Exact copy, no pictures: every line from the one that contains "fastfood establishment 143727569" through the end of the data below, and nothing else.

Data excerpt>
== Segment start ==

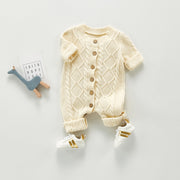 Stickad babyjumpsuit med knappar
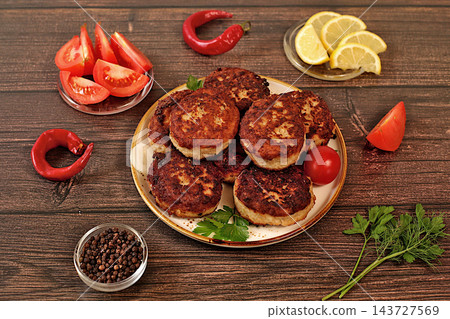 Homemade patties made from ground beef and pork featuring onion, tomato, lemon, garlic, recipe for delicious schnitzels and beef steaks, menu options for cafe banner for fastfood establishment Homemade patties made from ground beef and pork featuring onion, tomato, lemon, garlic, recipe for delicious schnitzels and beef steaks, menu options for cafe banner for fastfood establishment 143727569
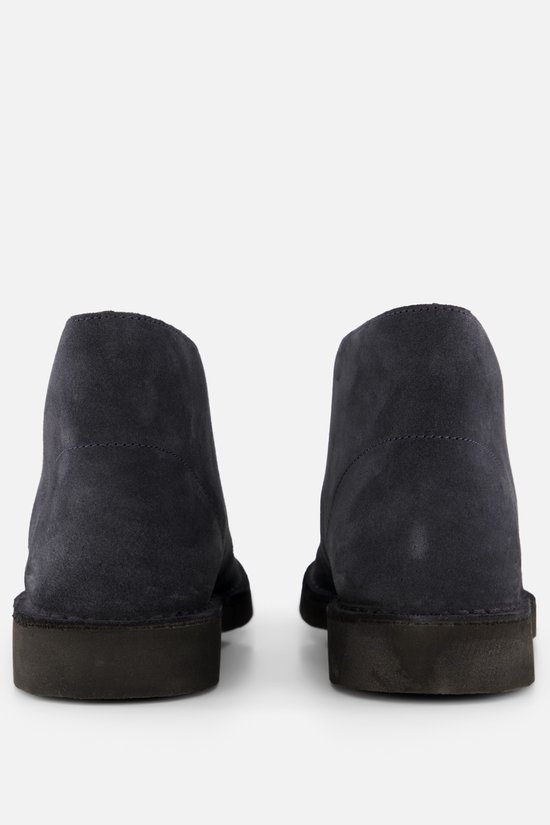 Achterkant van twee donkerblauwe suède desert boots met zwarte zolen.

== Segment end ==

Answer for the task>
 Homemade patties made from ground beef and pork featuring onion, tomato, lemon, garlic, recipe for delicious schnitzels and beef steaks, menu options for cafe banner for fastfood establishment Homemade patties made from ground beef and pork featuring onion, tomato, lemon, garlic, recipe for delicious schnitzels and beef steaks, menu options for cafe banner for fastfood establishment 143727569
 Achterkant van twee donkerblauwe suède desert boots met zwarte zolen.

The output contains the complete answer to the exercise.